Estabilizada a factualidade com interesse, importa, agora, avançar para o conhecimento da matéria que integra o recurso, limitando-se o respectivo conhecimento à questão da caducidade do direito de acção.

Atentemos, pois, ao que foi considerado na decisão do Tribunal a quo:
(…)
Nos presentes autos, verifica-se que o Serviço de Finanças de Vila Verde expediu, em 27-11-2018, carta registada dirigida à Arguida, com vista à notificação da decisão proferida no âmbito do processo de contra-ordenação em causa, pelo que a Arguida se presume notificada no dia 30-11-2018 (3º dia útil após o registo).
Assim, dispondo a Arguida do prazo de 20 dias para reagir à decisão de fixação de coima, verificado que o recurso foi entregue no Serviço de Finanças em 08-01-2019, já se encontrava ultrapassado o prazo legal para a apresentação do recurso.
Com efeito, o termo inicial do prazo de interposição do recurso ocorreu em 03-12-2018 (suspenso dias 01-12 e 02-12 – sábado e domingo) e, efectuado o cômputo do prazo para interposição do recurso nos termos supra expostos, conclui-se que o mesmo teve o seu termo final no dia 31-12-2018, que por corresponder a férias judiciais (in casu, no período de 22 de Dezembro a 3 de Janeiro – cfr. artigo 28º da Lei da Organização do Sistema Judiciário, aprovado pela Lei nº 62/2013, de 26 de Agosto), passa para o dia 04-01-2019 – primeiro dia útil após as férias judiciais.
Acresce que, não sendo o prazo de interposição do recurso um prazo judicial, pois decorre antes da entrada do processo no Tribunal, isto é, quando ainda não existe qualquer processo judicial, não lhe serão aplicáveis as regras privativas dos prazos judiciais como é o caso do disposto no artigo 139º do CPC que confere a possibilidade de o acto ser praticado nos três dias úteis posterior ao terminus do prazo mediante o pagamento de uma multa.
O requerimento de recurso é, portanto, intempestivo, devendo ser rejeitado nos termos previstos no artigo 63º, n.º 1 do RGCO, aplicável ex vi artigo 3º, alínea b) do RGIT.”

É, pois, com este decisório que a Recorrente não se conforma por entender que existe nos autos prova de que quem recebeu a notificação não foi a arguida, o seu representante legal ou um trabalhador da mesma, logo, a presunção de notificação não pode operar, sob pena de violação do principio da proibição da indefesa e principio da publicidade (conclusão 2 do recurso).

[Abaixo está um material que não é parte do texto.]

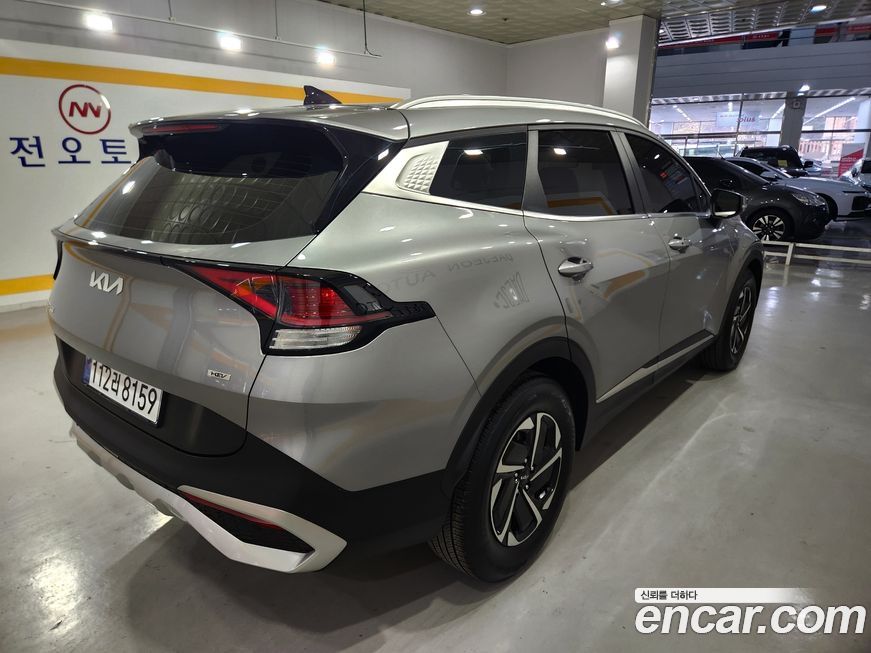 Kia Sportage 2023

Diz que o prazo de impugnação (administrativa ou judicial) do acto comunicado só tem o seu início quando é devidamente notificado, sob pena de haver uma violação da Constituição, em especial, do princípio do acesso ao Direito e do princípio da proibição da indefesa (conclusão 5 do recurso). A notificação tem de garantir o efectivo conhecimento do acto por parte do destinatário do mesmo em condições seguras e idóneas, de forma a que o mesmo possa, querendo, exercer os meios de reacção legalmente previstos (conclusão 6 do recurso).

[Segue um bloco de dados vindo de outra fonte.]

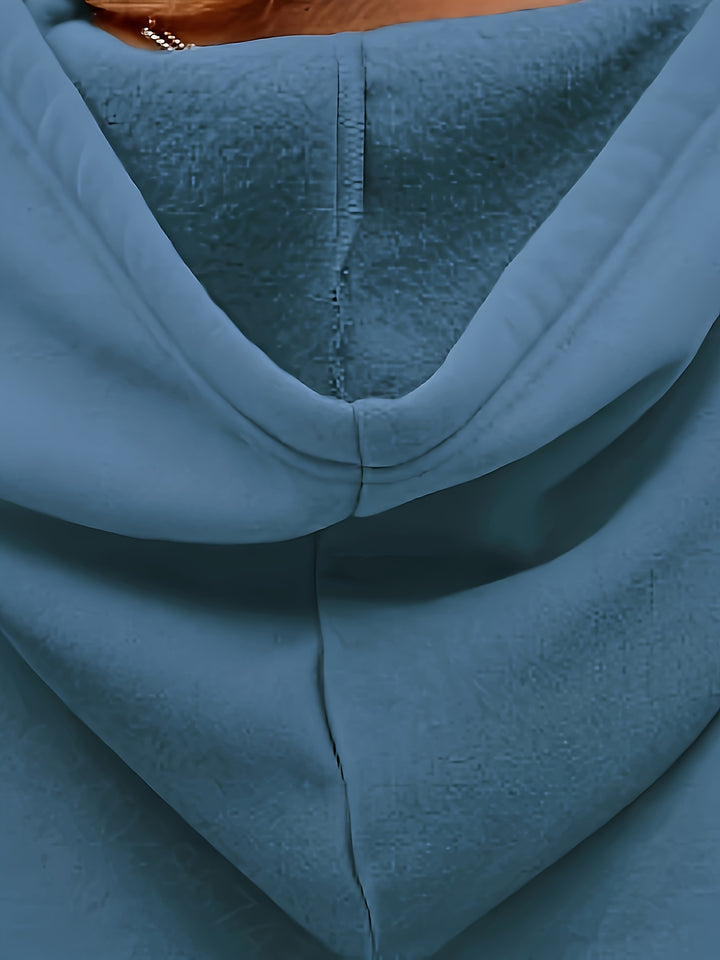 Lenora | Puff-Sleeve Hoodie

Mais refere, que o destinatário tem o direito a que o acto lhe seja transmitido em condições de ser efectivamente conhecido por ele e o ente público tem de garantir que a forma da notificação utilizada garante que o acto entrou na esfera média de cognoscibilidade do destinatário, havendo o risco de que o acto não chegou a entrar na referida esfera, o risco há-de correr por conta da entidade pública, que deve provar que a notificação ocorreu perante aquela garantia de cognoscibilidade (conclusões 11 a 13 do recurso).

Defende, ainda, que não é adequado impor-se ao destinatário a prova de um facto negativo no domínio do direito subjectivo que é seu, sucede que não conhece a “G.” e nunca disse que a mesma se encontrava nas suas instalações, bem pelo contrário, disse que as notificações apareceram na sua caixa do correio (conclusões 14 a 16 do recurso).

Antecipa-se, desde já, que não assiste razão à Recorrente.

Vejamos então.
É inegável que a decisão de aplicação de coima foi remetida para a morada da Recorrente por correio registado e entregue a 28/11/2018, tendo por receptor “G.”, sendo ainda certo que o recurso apenas foi apresentado em 08/01/2019 (cfr. pontos 4 e 5 da factualidade), ou seja, quando já se mostrava ultrapassado o prazo de 20 dias que a Recorrente dispunha para esse efeito.

Efectivamente, o Tribunal a quo deu como provado que a notificação da decisão de aplicação da coima foi expedida por carta registada simples, a qual foi expedida e entregue na morada da Recorrente, motivo que o levou a concluir que a notificação de tal decisão foi perfeita.

Ora, a Recorrente não questiona que a notificação foi enviada para a sua morada e que foi recebida, apenas vem invocar que quem a recebeu não é seu funcionário ou representante legal, juntando, para o efeito, uma alegada lista dos seus funcionários como prova de que quem recebeu a notificação, a dita “G.”, não pertence ao seu quadro de pessoal, adiantando, ainda, que a notificação apareceu, posteriormente, na sua caixa do correio.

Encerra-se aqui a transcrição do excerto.